Fleeing Climate Change
Children lose more than shelter when they're forced to leave home. They lose health care, education, social services — and sometimes, their lives.
For over 70 years, UNICEF has been putting children first, working to protect their rights and provide the assistance and services they need to survive and thrive all over the world.
Devastating hurricanes, melting glaciers and spreading wildfires may be some of the most recognizable signs of climate change, but there is another critical, yet often overlooked effect: Forced migration. Every year, millions of people leave home because of natural disasters or other ramifications of climate change. This number is expected to rise, with projections ranging from 25 million to 1 billion climate migrants by 2050.
A milestone: On December 10th, 2018, more than 160 nations signed the first international agreement on the migrant and refugee crisis. The United Nations Compact for Safe, Orderly, and Regular Migration, or GCM for short, marks a rare moment of unity on this fraught topic. For the first time ever, climate change has been officially recognized as a driver of migration.
Natural disasters displace three to 10 times more people than conflict or war
Climate change doesn’t just force people to migrate. It fuels poverty, insecurity and even conflict. As in all crises, children are the most at risk physically and emotionally. And when families are forced from their homes, children are more likely to become separated from their parents, increasing their susceptibility to violence, exploitation and abuse.
According to the United Nations Office for Disaster Risk Reduction (UNDRR), sudden onset disasters leave 14 million people homeless each year. Developing nations in the global south are the least likely to contribute to climate change, but the most likely to suffer its consequences. Those in developing nations are the most at risk because they often live in disaster-prone areas and have the most difficulty recovering and adapting to climate shock-related damage.
Slow onset climate change can do far more damage than a single storm
Natural disasters are dramatic proof of the rising perils of climate change, but there are other devastating forces at work as well. Slow onset climate change — for example desert expansion and sea-level rise — can do far more damage than a single storm.

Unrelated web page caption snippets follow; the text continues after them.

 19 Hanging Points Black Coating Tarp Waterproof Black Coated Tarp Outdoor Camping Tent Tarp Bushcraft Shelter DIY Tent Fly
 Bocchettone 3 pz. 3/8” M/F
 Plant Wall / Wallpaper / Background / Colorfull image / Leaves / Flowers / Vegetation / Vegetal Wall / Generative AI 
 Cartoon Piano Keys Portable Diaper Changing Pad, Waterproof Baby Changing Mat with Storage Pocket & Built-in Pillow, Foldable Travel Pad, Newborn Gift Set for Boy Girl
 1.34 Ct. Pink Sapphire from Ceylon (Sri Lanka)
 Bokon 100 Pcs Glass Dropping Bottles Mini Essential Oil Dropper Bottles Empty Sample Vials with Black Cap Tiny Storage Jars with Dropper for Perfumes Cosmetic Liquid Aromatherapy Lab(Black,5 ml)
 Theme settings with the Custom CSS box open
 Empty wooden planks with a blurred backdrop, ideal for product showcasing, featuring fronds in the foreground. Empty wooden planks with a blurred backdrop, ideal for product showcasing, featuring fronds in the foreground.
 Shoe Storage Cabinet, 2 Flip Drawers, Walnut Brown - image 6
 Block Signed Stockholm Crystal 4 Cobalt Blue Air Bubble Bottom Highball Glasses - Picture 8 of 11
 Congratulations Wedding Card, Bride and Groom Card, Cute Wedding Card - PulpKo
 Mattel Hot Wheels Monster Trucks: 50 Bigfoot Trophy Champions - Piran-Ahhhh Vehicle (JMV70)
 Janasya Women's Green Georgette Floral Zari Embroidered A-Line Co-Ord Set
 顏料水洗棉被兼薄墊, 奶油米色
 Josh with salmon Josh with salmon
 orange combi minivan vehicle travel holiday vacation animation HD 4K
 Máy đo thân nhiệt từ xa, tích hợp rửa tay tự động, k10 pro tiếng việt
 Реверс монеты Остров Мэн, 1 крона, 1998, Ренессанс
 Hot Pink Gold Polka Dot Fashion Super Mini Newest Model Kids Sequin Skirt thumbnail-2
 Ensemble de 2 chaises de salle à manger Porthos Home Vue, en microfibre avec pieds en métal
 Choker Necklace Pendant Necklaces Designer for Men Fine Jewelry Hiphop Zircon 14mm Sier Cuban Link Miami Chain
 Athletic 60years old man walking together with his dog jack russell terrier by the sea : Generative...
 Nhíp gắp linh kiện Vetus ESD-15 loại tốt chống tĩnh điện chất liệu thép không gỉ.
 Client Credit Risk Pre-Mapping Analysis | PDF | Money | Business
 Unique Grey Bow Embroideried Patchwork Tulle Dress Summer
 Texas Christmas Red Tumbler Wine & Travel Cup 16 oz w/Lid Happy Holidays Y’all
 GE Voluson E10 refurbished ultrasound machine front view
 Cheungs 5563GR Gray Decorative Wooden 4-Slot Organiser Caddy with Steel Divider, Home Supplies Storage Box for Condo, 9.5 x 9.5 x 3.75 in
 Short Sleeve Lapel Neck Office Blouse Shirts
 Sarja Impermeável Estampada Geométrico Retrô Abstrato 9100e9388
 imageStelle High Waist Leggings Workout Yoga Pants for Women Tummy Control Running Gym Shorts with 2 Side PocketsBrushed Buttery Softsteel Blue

The environmental factors that cause people to migrate are complex. Some fall squarely into the "crisis" category, while others are less visible. Slow onset climate change spurs conflict and its corresponding displacement, often due to dwindling resources. In Syria, drought was the initial driver, but political tensions and lack of opportunity ultimately led to today's Syrian refugee crisis. In the Sahel region of Africa, conflict is intensifying as natural resources become scarcer.
Migration is the greatest single consequence of climate change
The U.N.’s Intergovernmental Panel on Climate Change (IPCC) cited migration as the greatest single consequence of climate change as early as 1990. Most recently, in October, the IPCC enlisted a “final call” on rising global temperatures, as the planet will reach a threshold as early as 2030 if we don’t act now. The predicted consequences look familiar: extreme drought, rising sea levels, wildfires and food shortages. All of which, conclusively, have caused and will prompt further forced migration.
Droughts kill more people than any other single weather-related catastrophe and conflicts among communities over water scarcity are increasing. Over 1 billion people today have no access to safe water, and demand will increase by 30 percent by 2030. Desertification can be equally fatal and threatening: There are estimates that some 135 million people may be displaced by 2045 as a result of desertification.
Nearly 50 million children have migrated across borders or been forcibly displaced within their own countries
In Bangladesh, hundreds of thousands are routinely uprooted by coastal flooding and river erosion. Desertification in West Africa has empowered terrorists and displaced more than 4 million people. Rising sea levels in the Pacific and Oceania islands, where one in 10 have migrated in the past decade, leave residents trapped or threaten their very statehood. In America, thousands displaced by Hurricane Maria still have no housing.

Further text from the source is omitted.